[GAP Forum] All factorizations of a permutation

[Max Horn]

> On 23. Apr 2021, at 10:25, Ahmet Arıkan <arikan at gazi.edu.tr> wrote:
> 
> Hi Chris, thank you for the reply. 
> 
> My main problem is to construct a group G in Sym(\Omega) satisfying the following property: 

What is \Omega? An arbitrary infinite set?

> 
> G has a generating subset X such that every infinite subset of X also generates G.
> 
> So to construct such a group, we may start with an element x (say x=(1,3,4) ) to contruct X. Then we need to find suitable factorizations like (1,3,4)=(1,2,3,4)*(2,3) ( or multiple factorizations)  and  continue to construct X={(1,3,4), (1,2,3,4),(2,3),...}. This is just an explanation of why I want to find suitable factorizations of permutations.

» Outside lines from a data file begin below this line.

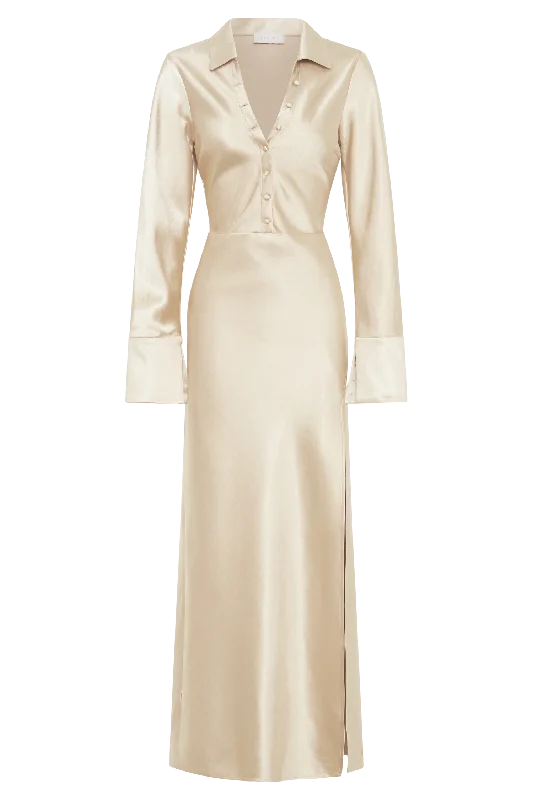 Whitley Satin Collared Maxi Dress - Gold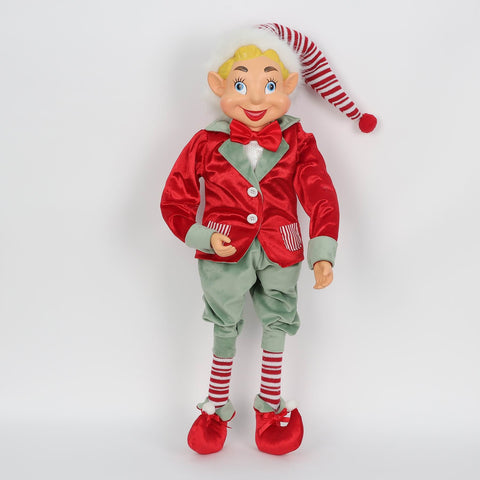 Christmas 10*6*28'' Red/Sage Elf Décor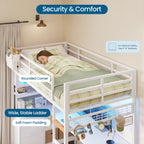 Twin Size Loft Bed with L-Shaped Gaming Desk, Storage Drawers, Glass Cabinet & Hutch, Twin Loft Bed with Smart LED Lights & Power Outlets, Metal Bed Frame with Safety Guardrail & Ladder for Kids/Teens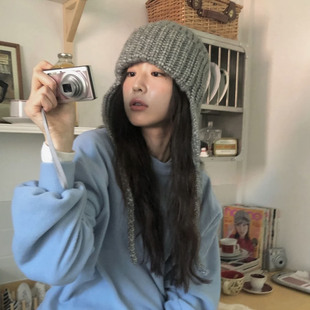 ins柳智敏同款针织帽子女秋冬季保暖护耳飞行帽户外滑雪雷锋帽灰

I don't see at all why you "may start" wich such elements. To the contrary, I think looking at such elements won't help at all.

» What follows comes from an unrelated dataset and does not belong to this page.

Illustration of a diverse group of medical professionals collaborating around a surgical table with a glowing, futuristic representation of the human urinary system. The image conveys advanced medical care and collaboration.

For suppose G and X are as desired. Then G must be non-trivial and hence there is a point a \in \Omega which G moves. Let 

  X' := { \pi \in X |  a^\pi \neq a }

Then this set still must be infinite, for if it was finite, then X'':=X\setminus X' would be an infinite subset of X but the group it generates fixes a and hence cannot be G.

So we may replace X by X'. Now we can repeat this process for any point moved by G (of which there must be infinitely many).

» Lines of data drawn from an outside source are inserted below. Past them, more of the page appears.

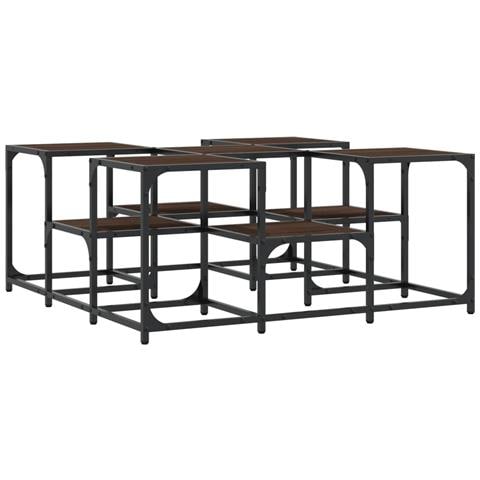 Tavolino Da Salotto Rovere Marrone 91x91x40cm Legno Multistrato - Foto 2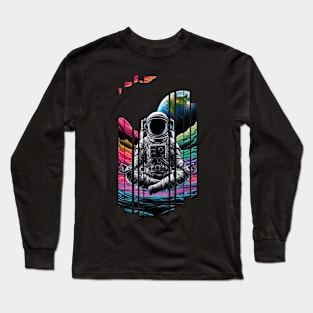 Meditating Astronaut - Meditation Long Sleeve T-Shirt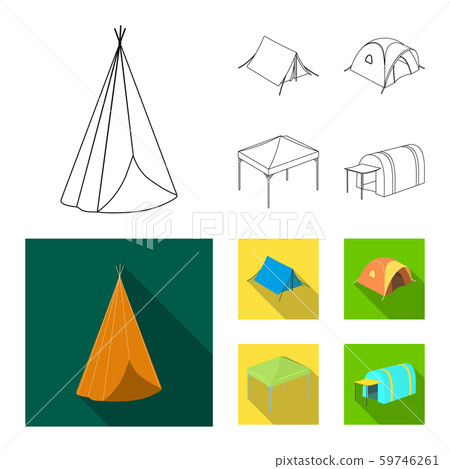Vector illustration of tent and camp sign. Collection of tent and forest stock symbol for web. 59746261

In the end, the set X only contains permutations with infinite support. Moreover, we can of course restrict it to be countably infinite.

If I am not mistaken, here is an example for a group and set as described: G=\Sym(\ZZ) together with 

 X := \{ \pi_p | p is a prime \}

and

 \pi_p: ZZ\to\ZZ, x \mapsto x + p

It satisfies the even strong property that any subset of X of size at least 2 still generates G.

> We do not know yet if such a perfect locally finite (p-) group G exists.

Why do you think such a group must be perfect? Or are you asking whether such a group *can* be perfect? The example I gave of course is abelian and not locally finite. So perhaps there are more requirements in your question that are missing?




Cheers
Max